Could the records below be restated word for word, without a single picture?

[[ Records provided open ]]

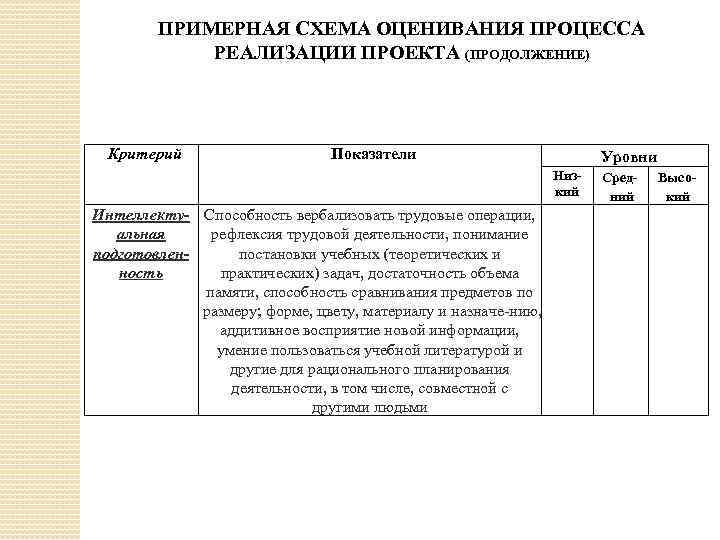 ПРИМЕРНАЯ СХЕМА ОЦЕНИВАНИЯ ПРОЦЕССА РЕАЛИЗАЦИИ ПРОЕКТА (ПРОДОЛЖЕНИЕ) Критерий Показатели Уровни Низкий Интеллекту- Способность вербализовать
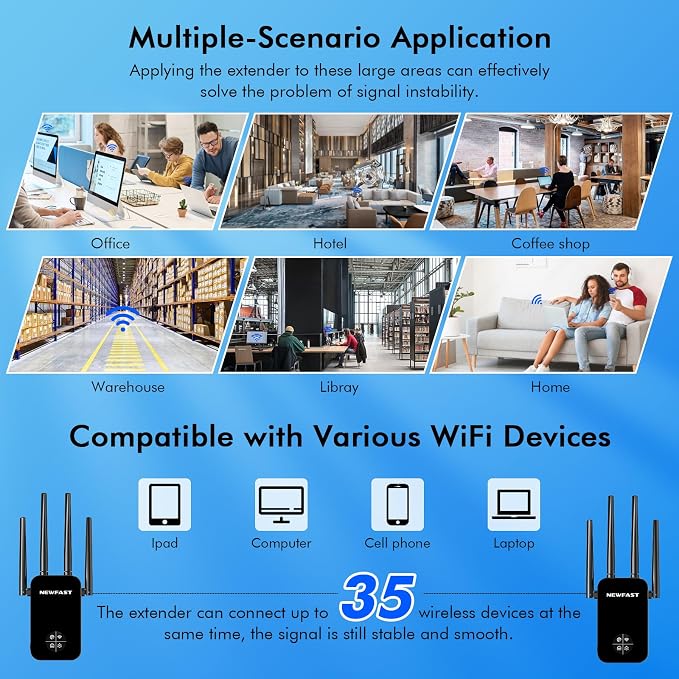 NEWFAST AC1200 WiFi Extender NF-RE523, 2026 WiFi Repeater, 1200Mbps Internet - Image 6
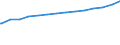 Bundesländer: Schleswig-Holstein / Ebenen des öffentlichen Gesamthaushalts: Gemeinden / Gemeindeverbände / Schuldenarten: Kredite beim nicht-öffentlichen Bereich / Wertmerkmal: Schulden beim nicht-öffentlichen Bereich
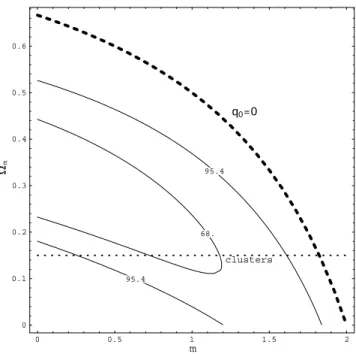 Figure 1. Contours of constant likelihood (95 : 4% and 68%) arising from lensing statistics (dashed lines) and type Ia  su-pernovae are shown for the x-uid model.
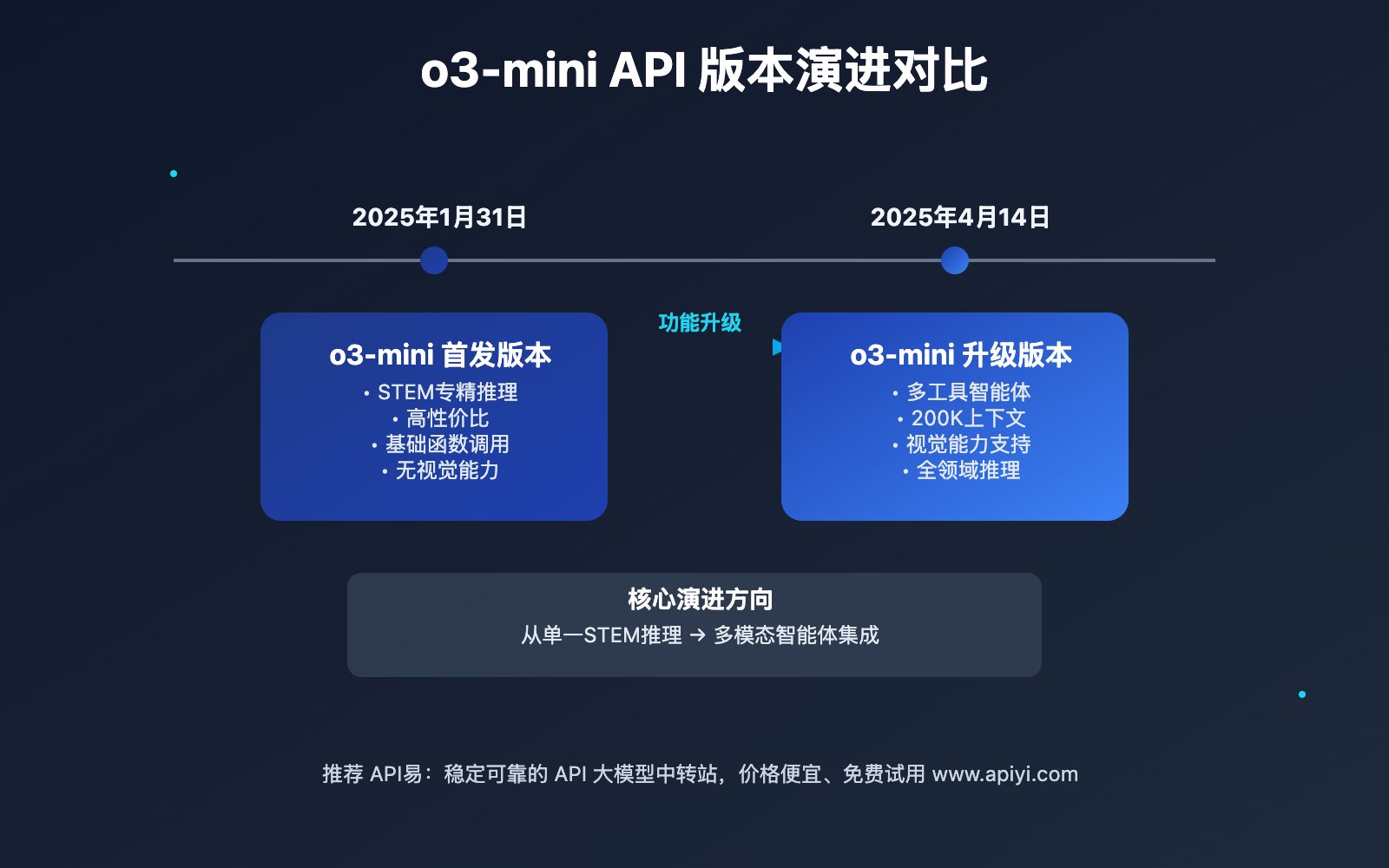 o3 mini api version comparison january april 2025 image 0 图示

[[ Records provided closed ]]

[Exercise answer]:
 ПРИМЕРНАЯ СХЕМА ОЦЕНИВАНИЯ ПРОЦЕССА РЕАЛИЗАЦИИ ПРОЕКТА (ПРОДОЛЖЕНИЕ) Критерий Показатели Уровни Низкий Интеллекту- Способность вербализовать
 NEWFAST AC1200 WiFi Extender NF-RE523, 2026 WiFi Repeater, 1200Mbps Internet - Image 6
 Bundesländer: Schleswig-Holstein / Ebenen des öffentlichen Gesamthaushalts: Gemeinden / Gemeindeverbände / Schuldenarten: Kredite beim nicht-öffentlichen Bereich / Wertmerkmal: Schulden beim nicht-öffentlichen Bereich
 Figure 1. Contours of constant likelihood (95 : 4% and 68%) arising from lensing statistics (dashed lines) and type Ia  su-pernovae are shown for the x-uid model.
 o3 mini api version comparison january april 2025 image 0 图示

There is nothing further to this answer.